A soft parse occurs when a session attempts to execute a SQL statement and a usable version of the statement is already in the shared pool, so the statement can be executed immediately. The hard parse is the opposite and an expensive operation. When the soft parse ratio falls much below 80%, investigate whether you can share SQL by using bind variables or force cursor sharing by using the init.ora parameter cursor_sharing (new in Oracle8i Release 8.1.6). Available values are:
ValueComment
exact Only Statements with identical text are allowed to share a cursor (Default)
similiar Statements that may differ in some literals but are otherwise identical are caused to share a cursor, unless the literals affect either the meaning of the statement or the degree to which the plan is optimized (I recommend this for e.g. a low soft parse ratio or high library cache getmiss ratio).
force Even statements that may differ in some literals but are otherwise identical are forced to share a cursor, unless the literals affect the meaning of the statement (since this also means the optimizer cannot predict precise selectivity you should think twice before using this)

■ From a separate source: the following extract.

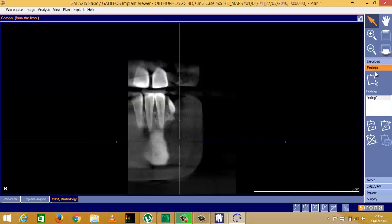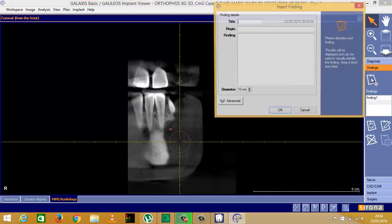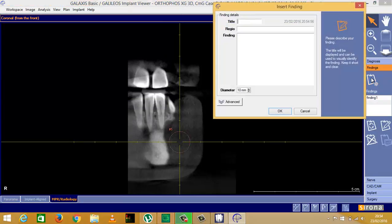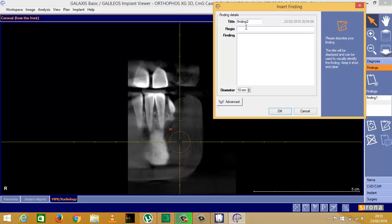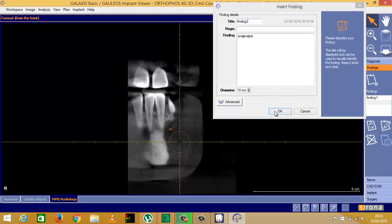Now I click on finding. I'm going to call this one finding two. You can call it anything of course. Region if you wanted to put in the region there. For finding, I'm just going to type anything in there. Click OK.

Since this parameter is dynamic, you may use ALTER SYSTEM to change its value without restarting the instance.

But before drawing any conclusions, compare the soft parse ratio against the actual hard and soft parse rates shown in the Loads Profile. If the rates are low, parsing may not be a significiant issue in your system. Furthermore, investigate the number of Parse CPU to Parse Elapsed below. If this value is low, you may rather have a latch problem.